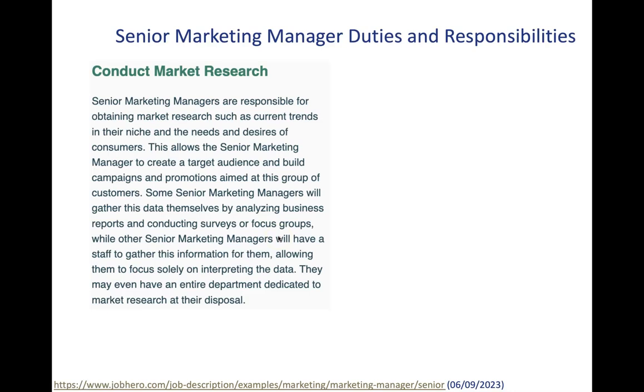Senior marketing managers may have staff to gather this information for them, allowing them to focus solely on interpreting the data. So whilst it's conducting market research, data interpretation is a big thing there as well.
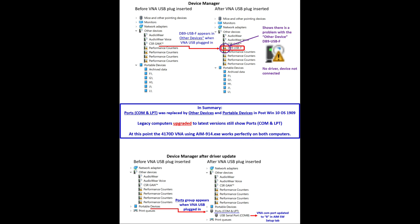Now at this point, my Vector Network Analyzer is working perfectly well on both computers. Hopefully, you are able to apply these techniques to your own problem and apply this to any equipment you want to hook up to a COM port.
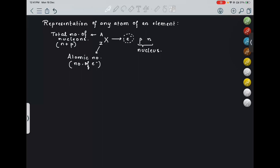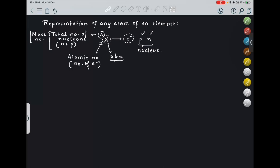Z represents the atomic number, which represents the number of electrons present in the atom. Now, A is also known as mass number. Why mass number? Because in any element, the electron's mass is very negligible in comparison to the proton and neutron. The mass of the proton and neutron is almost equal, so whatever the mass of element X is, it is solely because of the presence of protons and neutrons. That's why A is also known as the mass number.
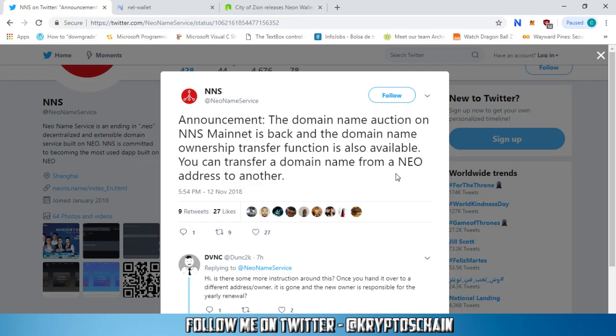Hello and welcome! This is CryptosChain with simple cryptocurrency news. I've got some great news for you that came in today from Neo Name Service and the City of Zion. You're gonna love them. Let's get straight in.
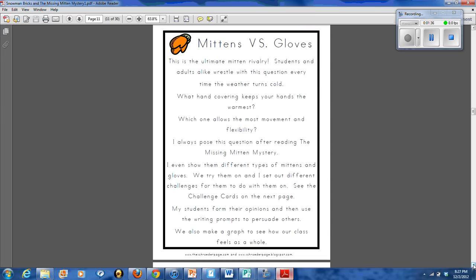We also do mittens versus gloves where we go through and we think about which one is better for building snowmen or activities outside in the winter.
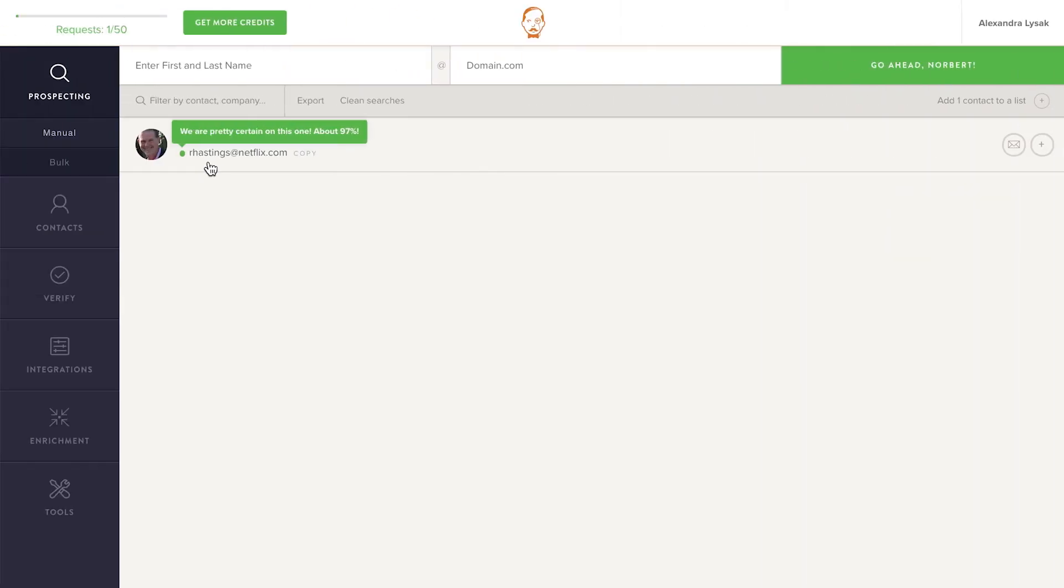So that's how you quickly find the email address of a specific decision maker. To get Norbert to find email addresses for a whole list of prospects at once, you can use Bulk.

--*--

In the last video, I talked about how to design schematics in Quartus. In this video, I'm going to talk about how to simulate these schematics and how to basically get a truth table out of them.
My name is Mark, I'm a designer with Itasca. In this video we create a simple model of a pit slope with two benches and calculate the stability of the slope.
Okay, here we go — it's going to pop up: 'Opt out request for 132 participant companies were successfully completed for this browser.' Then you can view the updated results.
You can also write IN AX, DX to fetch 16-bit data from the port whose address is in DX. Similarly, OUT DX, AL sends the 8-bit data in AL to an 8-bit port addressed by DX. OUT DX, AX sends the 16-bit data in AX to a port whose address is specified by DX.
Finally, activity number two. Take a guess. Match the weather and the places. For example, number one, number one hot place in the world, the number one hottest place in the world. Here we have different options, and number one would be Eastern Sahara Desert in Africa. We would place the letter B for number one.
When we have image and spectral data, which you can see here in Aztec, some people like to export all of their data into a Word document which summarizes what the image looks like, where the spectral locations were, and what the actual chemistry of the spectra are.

--*--

AIM OF THE EXERCISE: The answer is the lines above between the line holding "In the last" and the line holding "Finally, activity number", inclusive, each written out exactly, and no others.

ANSWER SECTION:
In the last video, I talked about how to design schematics in Quartus. In this video, I'm going to talk about how to simulate these schematics and how to basically get a truth table out of them.
My name is Mark, I'm a designer with Itasca. In this video we create a simple model of a pit slope with two benches and calculate the stability of the slope.
Okay, here we go — it's going to pop up: 'Opt out request for 132 participant companies were successfully completed for this browser.' Then you can view the updated results.
You can also write IN AX, DX to fetch 16-bit data from the port whose address is in DX. Similarly, OUT DX, AL sends the 8-bit data in AL to an 8-bit port addressed by DX. OUT DX, AX sends the 16-bit data in AX to a port whose address is specified by DX.
Finally, activity number two. Take a guess. Match the weather and the places. For example, number one, number one hot place in the world, the number one hottest place in the world. Here we have different options, and number one would be Eastern Sahara Desert in Africa. We would place the letter B for number one.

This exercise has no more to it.